Most of the "online PDF tool" I could find had the same architecture: upload
your file, wait, download the result. Their privacy policies promised
they'd delete it after an hour. That's a promise. I wanted something
where the promise wasn't necessary — where the tool couldn't leak your
file even if the operator wanted it to.
So I built mergepdfs.in — four PDF tools
(merge, split, compress, reorder) that run entirely in the browser. No backend.
No uploads. Verifiable by turning off your wifi after loading the website.
Here's how it works.
The core insight
Modern browsers can do everything a server would do for PDF manipulation.
File.arrayBuffer() reads the file into memory. pdf-lib merges/splits/
edits the PDF in that memory. A Blob URL downloads the result. At no
point does the file need to leave the tab.
The reason most online PDF tools upload to servers isn't technical —
it's historical.
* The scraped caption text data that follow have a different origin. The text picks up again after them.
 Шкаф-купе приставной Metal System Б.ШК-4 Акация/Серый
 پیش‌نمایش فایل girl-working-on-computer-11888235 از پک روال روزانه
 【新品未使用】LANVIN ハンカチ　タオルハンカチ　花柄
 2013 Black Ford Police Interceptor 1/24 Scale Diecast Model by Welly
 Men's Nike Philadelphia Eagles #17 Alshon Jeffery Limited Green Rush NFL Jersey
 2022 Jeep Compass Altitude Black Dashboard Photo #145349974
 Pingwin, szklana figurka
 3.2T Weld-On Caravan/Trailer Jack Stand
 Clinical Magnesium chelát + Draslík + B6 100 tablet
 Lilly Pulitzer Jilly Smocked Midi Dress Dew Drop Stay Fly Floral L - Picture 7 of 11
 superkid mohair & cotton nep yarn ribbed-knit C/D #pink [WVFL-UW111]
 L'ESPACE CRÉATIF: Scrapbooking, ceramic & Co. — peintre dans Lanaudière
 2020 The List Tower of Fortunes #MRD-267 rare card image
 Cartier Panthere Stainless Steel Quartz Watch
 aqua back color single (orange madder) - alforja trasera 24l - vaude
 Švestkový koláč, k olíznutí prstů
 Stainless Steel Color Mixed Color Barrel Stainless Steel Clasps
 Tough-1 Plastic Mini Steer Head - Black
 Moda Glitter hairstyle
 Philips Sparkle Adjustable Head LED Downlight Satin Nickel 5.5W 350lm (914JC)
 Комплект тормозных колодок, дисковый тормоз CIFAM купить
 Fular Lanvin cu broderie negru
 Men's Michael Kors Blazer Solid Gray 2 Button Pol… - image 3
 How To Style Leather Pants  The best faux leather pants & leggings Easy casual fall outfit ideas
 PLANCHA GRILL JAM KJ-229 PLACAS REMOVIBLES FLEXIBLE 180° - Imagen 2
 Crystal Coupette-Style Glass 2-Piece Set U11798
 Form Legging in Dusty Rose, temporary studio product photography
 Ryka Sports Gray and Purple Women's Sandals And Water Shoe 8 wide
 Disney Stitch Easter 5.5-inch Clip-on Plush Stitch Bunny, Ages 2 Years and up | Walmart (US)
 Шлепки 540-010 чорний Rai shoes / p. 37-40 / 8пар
When these tools were built, browsers couldn't handle
this. Now they can.
The stack
- Astro 4 — Static generation, zero-JS pages by default
- React — Only inside interactive tool "islands"
- pdf-lib — Pure JavaScript, runs in the browser, no native deps
- @dnd-kit — Drag-and-drop reordering that works on touch
- Web Workers — Keep the UI responsive during heavy processing
- Tailwind — Because life is short
- Cloudflare Pages — Free static hosting, edge-cached
Astro is the interesting choice here. Most people would reach for
Next.js. But Next.js ships a JS runtime on every page by default,
including the /privacy and /about pages that don't need any JS at all.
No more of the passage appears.